いちいちムカつくやつだ。そうだ!少し嫌がらせをしてやろう! あのちびっこ精霊たちがマナを精霊石から吸い出す感覚は掴んだから、自分でもマナを出したり、出さなかったりできるだろう。よし、やってみよう!
大精霊と精霊達は精霊石に吸い付く。しかし、マナが出ない。
「あれ?おかしいのです。マナが出てこないのです。」
『それはね、大精霊が僕に意地悪をしたからなんだ。
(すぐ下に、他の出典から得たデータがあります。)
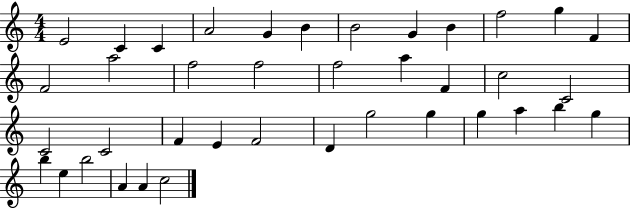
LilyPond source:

{
  \clef treble
  \numericTimeSignature
  \time 4/4
  \key c \major
  e'2 c'4 c'4 | a'2 g'4 b'4 | b'2 g'4 b'4 | f''2 g''4 f'4 | \break f'2 a''2 | f''2 f''2 | f''2 a''4 f'4 | c''2 c'2 | \break c'2 c'2 | f'4 e'4 f'2 | d'4 g''2 g''4 | g''4 a''4 b''4 g''4 | \break b''4 e''4 b''2 | a'4 a'4 c''2 | \bar "|."
}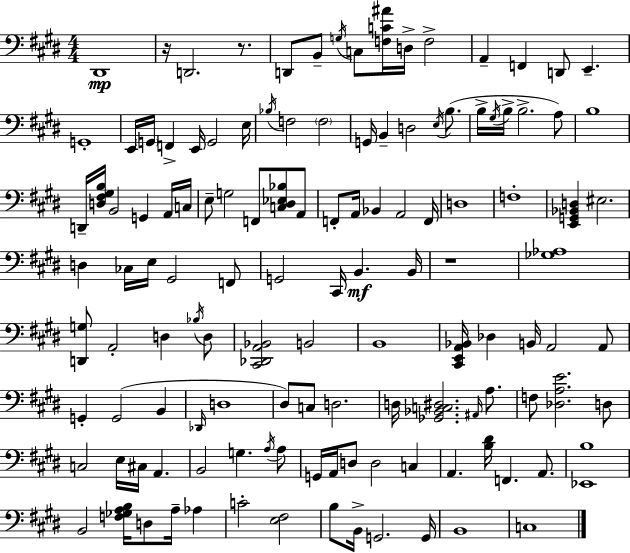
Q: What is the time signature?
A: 4/4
だから謝ってくれるまでマナは出さないよ。』
「えーっ!それは困るのです!大精霊様!謝って下さいです!」
「謝りぇー!」
「そうだそうだー!」
「えっ、そんなことしてないわよ!それに私は別にもっとマナが美味しいところ知ってるし!」
そう来ると思いましたよ!俺は踏ん張って特濃にしたマナを精霊石から少しだけ排出する。すると大精霊や精霊達のヨダレが口から溢れ出る。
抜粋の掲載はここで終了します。